Attackers also targeted police stations in Ramadi, Mahaweel, and the northern city of Mosul, where car bombs rocked the Iraqi Police Academy, two police stations and the al-Jumhuri hospital. Most of the deaths appeared to have been in Mosul, where hospital officials spoke of dozens of dead. One of the Mosul dead was an American soldier, US officials said. In Mosul, Iraqi police lost control of the Sheikh Fatih police station after the initial car bomb attack. American forces recaptured the station after subduing insurgents firing from a nearby mosque. In other attacks, a man dressed as an Iraqi policeman detonated a car bomb near a checkpoint manned by Iraqi and American soldiers in the southern Baghdad district of Dora, killing four Iraqi soldiers. Three US soldiers tended a wounded American soldier as he lay on the road, his helmet nearby. Black smoke and flames shot up from a burning pickup truck.

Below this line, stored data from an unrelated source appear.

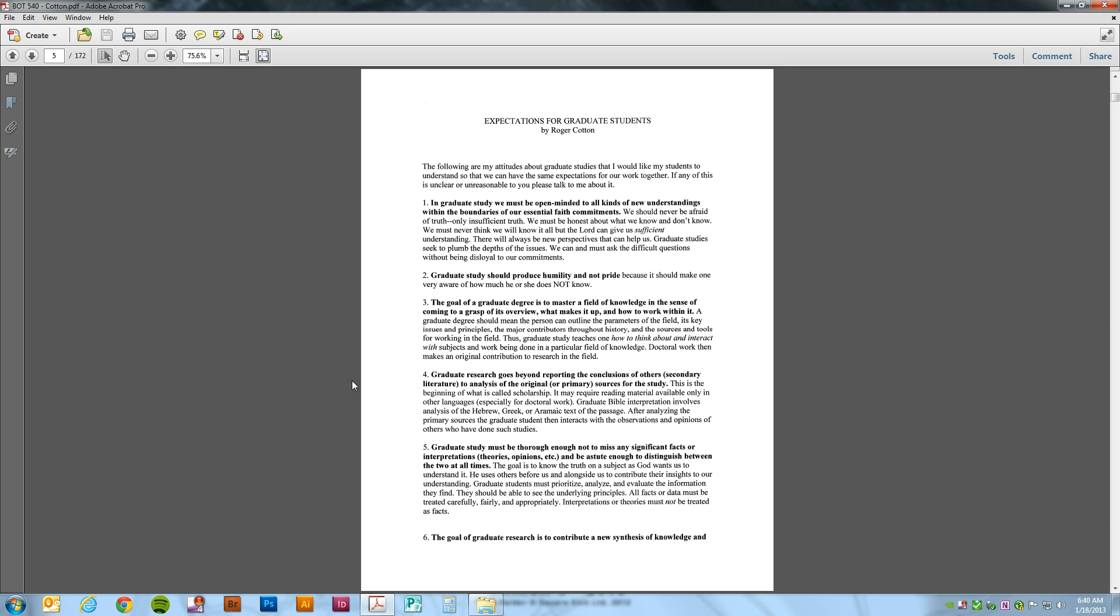In this tutorial, we're going to be paginating a PDF in Adobe Acrobat Pro. First, let's get familiar with the layout.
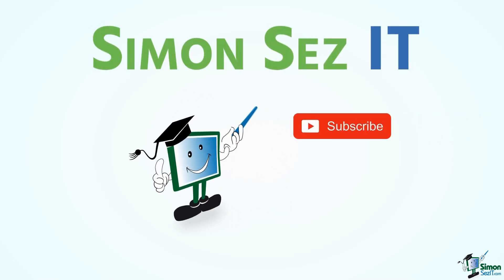Simon Says Subscribe and click on the bell icon to receive notifications.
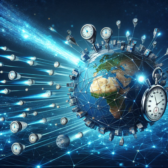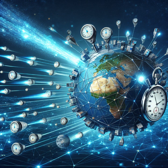They are distributed networks of servers strategically placed across the globe to deliver website content swiftly and reliably to users. CDNs employ a variety of key features to optimize content delivery.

A statement quoted today by a Saudi website claimed responsibility for the Baqouba attacks in the name of Abu Musab al-Zarqawi, who said the insurgents belong to his Tawhid and Jihad movement. He called residents to "comply with the instructions of resistance."The statement appealed to residents to remain in their homes "because these days are going to witness campaigns and attacks against the occupation troops and those who stand beside them."
At the main hospital in Baqouba, doctors received injured. Corridors were spattered with blood. Civilian cars raced to the door bringing people with gunshot and shrapnel wounds. "May God destroy America and all those who cooperate with it!" screamed one man in the corridor.In Baghdad, US officials projected calm. They had been predicting an upsurge in attacks to try to derail next week's transfer of sovereignty, which marks the formal end of the American-run occupation. "Coalition forces feel confident with the situation," said Brig. Gen. Mark Kimmitt, coalition deputy operations chief.

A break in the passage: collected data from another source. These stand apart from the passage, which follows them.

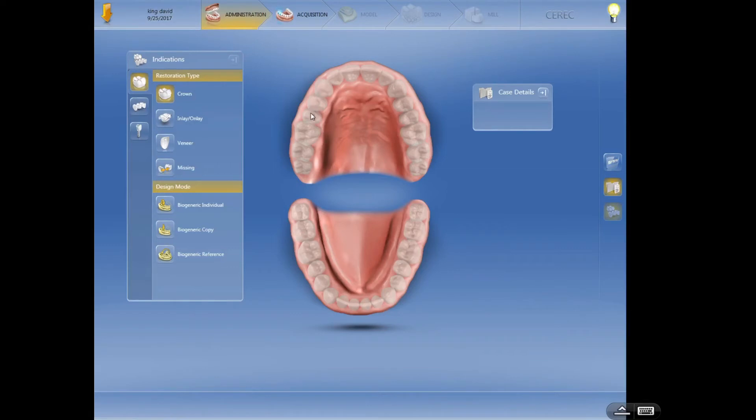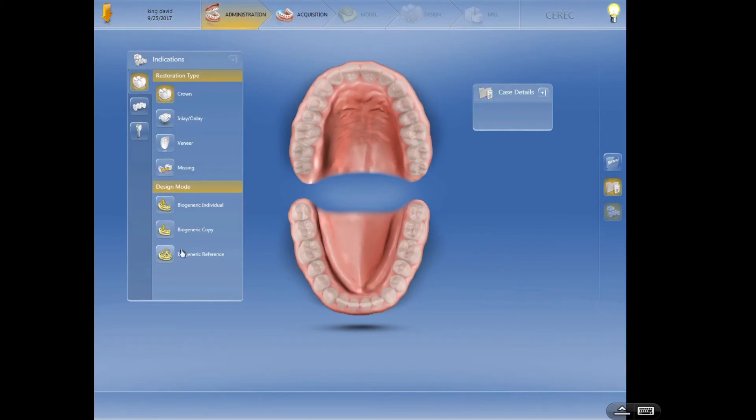This is where you have a tooth that's pretty perfect and you want the computer to use it when it's considering the design. I don't use this much. I used to use it a lot, but I don't use it much now that the biogeneric individual is so powerful.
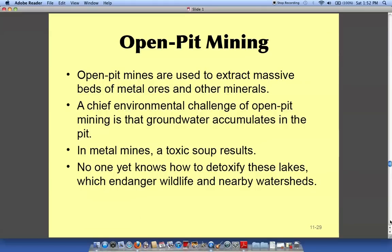Open pit mining is horrific. It's done in Florida and other countries. We have phosphate mines in the center of the state, and if you do a Google search and look around Florida you'll see these big, huge white areas with nothing but phosphate mines for miles — hundreds of miles. It's horrible what they've done to the environment.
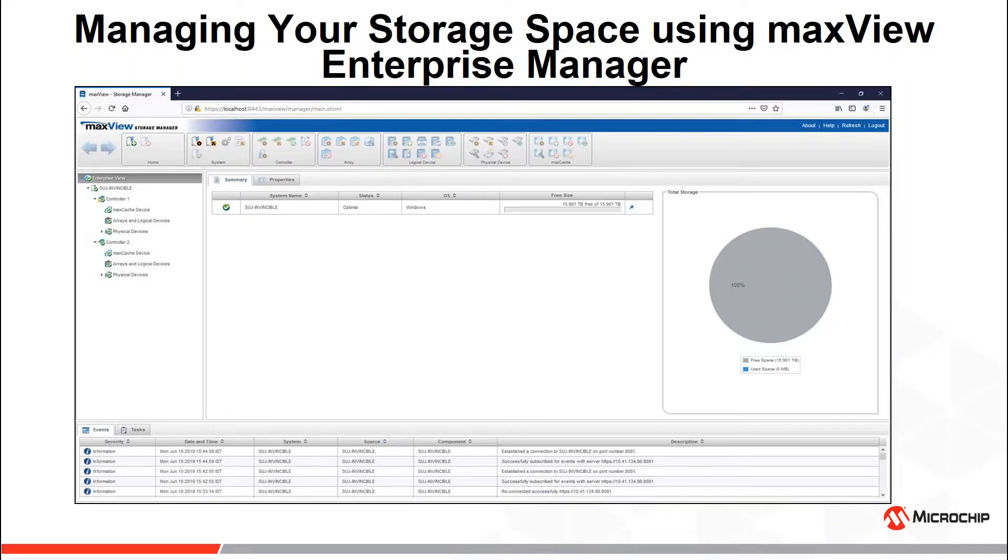Hello and welcome to this video on how MaxView Storage Manager helps you to manage the remote systems in your storage space.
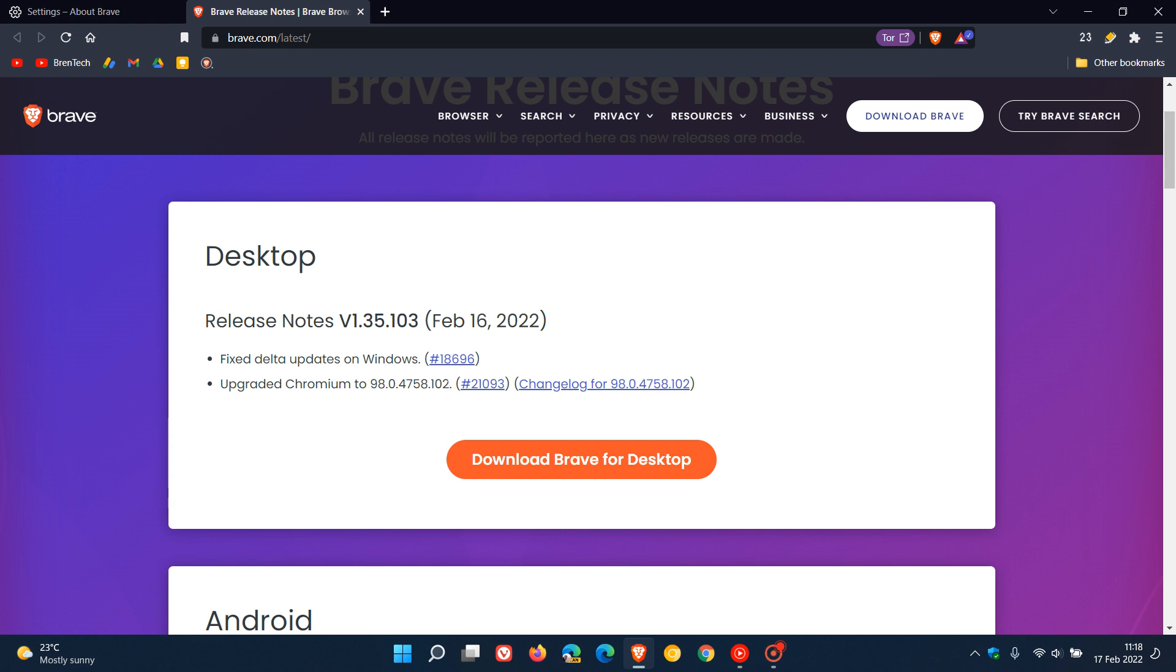which means basically what use-after-free is that it's a bug that occurs when you close an application and that memory is no longer used and is freed up. Like if you close the Brave browser and then that data can be overwritten by a hacker or an attacker and gain remote code execution capabilities.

To the west of the capital, explosions and shelling shook Fallujah, believed to be the nexus of the Sunni Muslim rebellion. Armed men ran through the streets and Iraqi police and insurgents appeared to be working together, witnesses said. US forces clashed sporadically with insurgents at the edges of the city but did not try to enter the centre. US forces manning a checkpoint opened fire on a local government convoy that included Fallujah's mayor and police chief, who were trying to meet the Americans to discuss the violence, said an Iraqi police lieutenant, speaking on condition of anonymity. The convoy turned back, and no injuries were reported. A motorist who drove through Fallujah this morning said Iraqi police and insurgents were cooperating, chatting amicably along the streets, and seemed to be working together.....
......And in Mahaweel, gunmen stormed the police station and killed an undetermined number of policemen, 40 miles from Baghdad. The gunmen blew up the police station before leaving, witnesses said.